DATASET RECORDS:
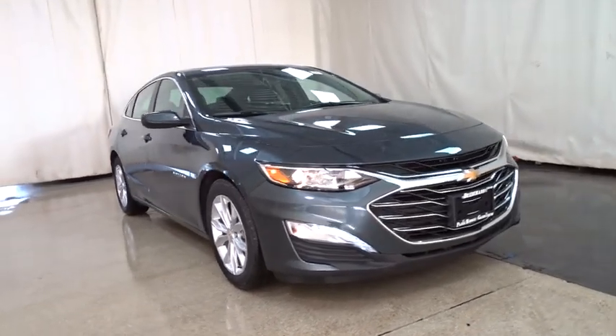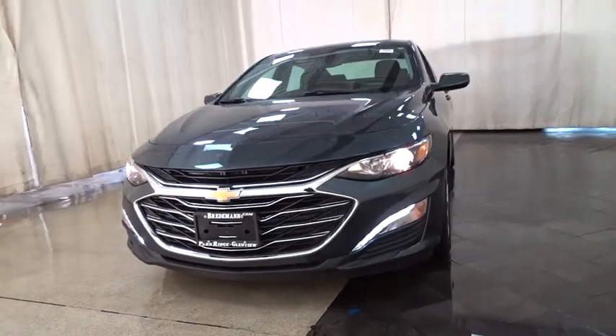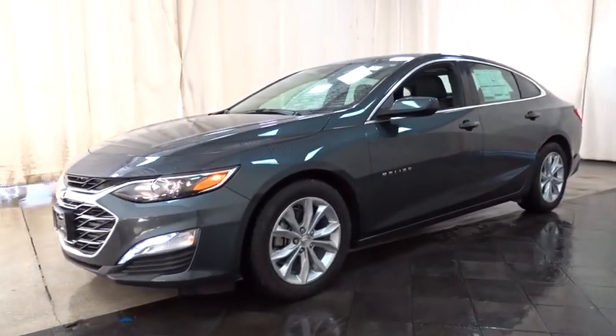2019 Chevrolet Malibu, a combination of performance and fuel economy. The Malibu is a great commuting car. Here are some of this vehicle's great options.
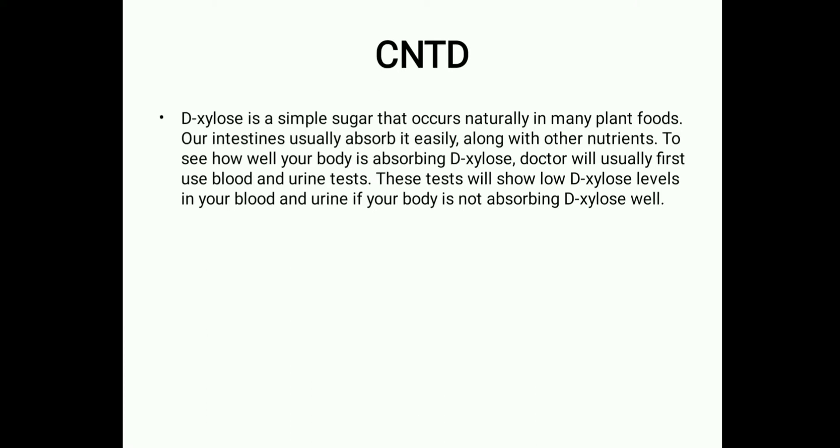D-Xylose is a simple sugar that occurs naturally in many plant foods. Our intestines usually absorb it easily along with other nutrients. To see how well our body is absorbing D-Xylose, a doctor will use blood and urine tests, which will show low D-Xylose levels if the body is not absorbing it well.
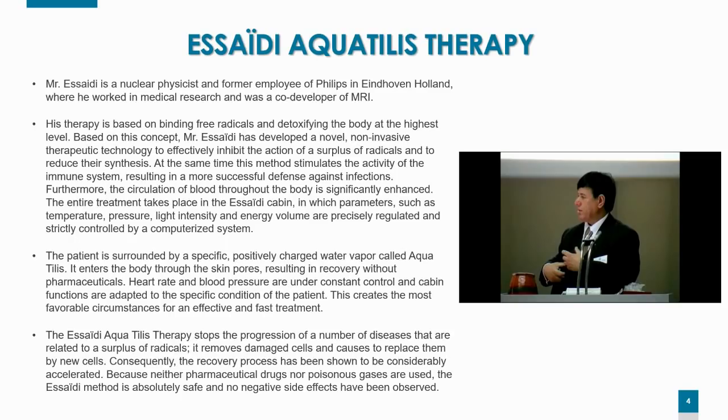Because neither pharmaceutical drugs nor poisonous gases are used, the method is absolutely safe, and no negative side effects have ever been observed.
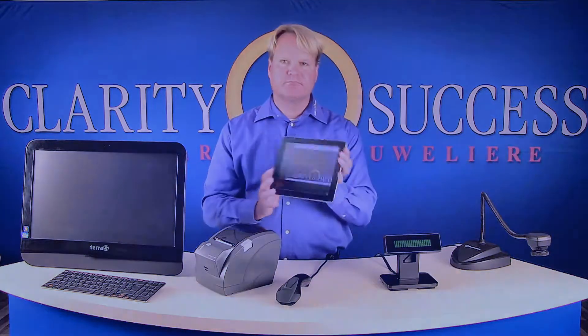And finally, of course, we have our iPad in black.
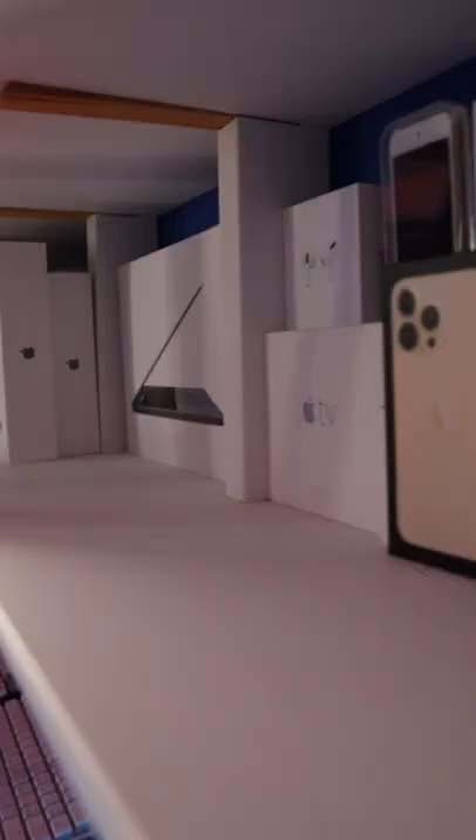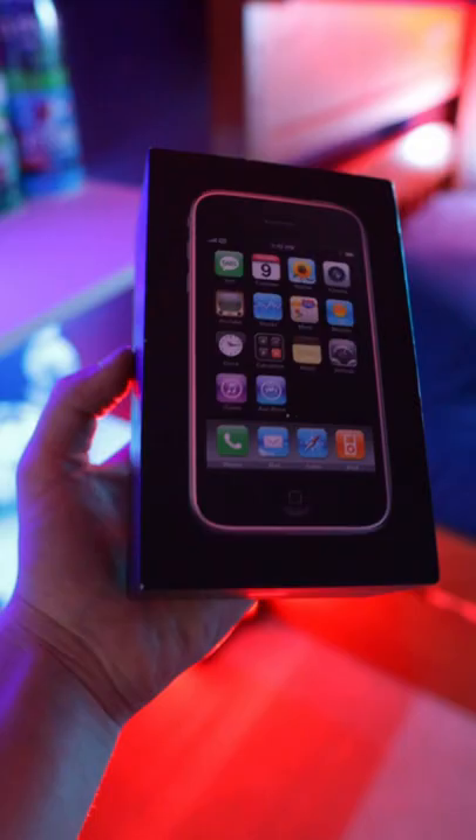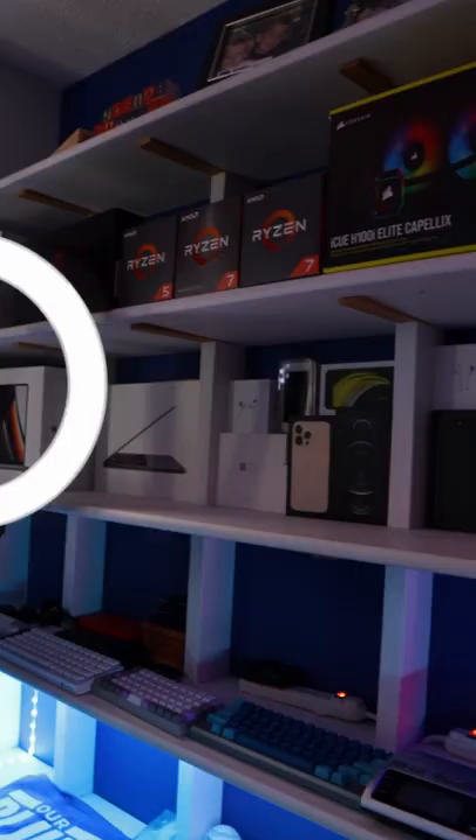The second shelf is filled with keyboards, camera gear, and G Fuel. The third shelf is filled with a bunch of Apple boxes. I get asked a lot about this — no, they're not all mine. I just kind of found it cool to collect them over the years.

---

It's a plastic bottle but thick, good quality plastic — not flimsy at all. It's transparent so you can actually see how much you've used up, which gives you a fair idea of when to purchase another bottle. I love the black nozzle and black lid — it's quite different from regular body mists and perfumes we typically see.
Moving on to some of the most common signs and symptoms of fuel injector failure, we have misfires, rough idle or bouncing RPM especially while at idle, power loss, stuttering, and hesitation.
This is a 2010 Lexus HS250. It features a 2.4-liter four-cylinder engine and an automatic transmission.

EXERCISE BRIEF:
Within the listing above, print exactly the stretch beginning at the line that contains "And finally, of" and finishing at the line that contains "The second shelf", ends kept, pictures left out, and nothing more.

TASK ANSWER:
And finally, of course, we have our iPad in black.
The second shelf is filled with keyboards, camera gear, and G Fuel. The third shelf is filled with a bunch of Apple boxes. I get asked a lot about this — no, they're not all mine. I just kind of found it cool to collect them over the years.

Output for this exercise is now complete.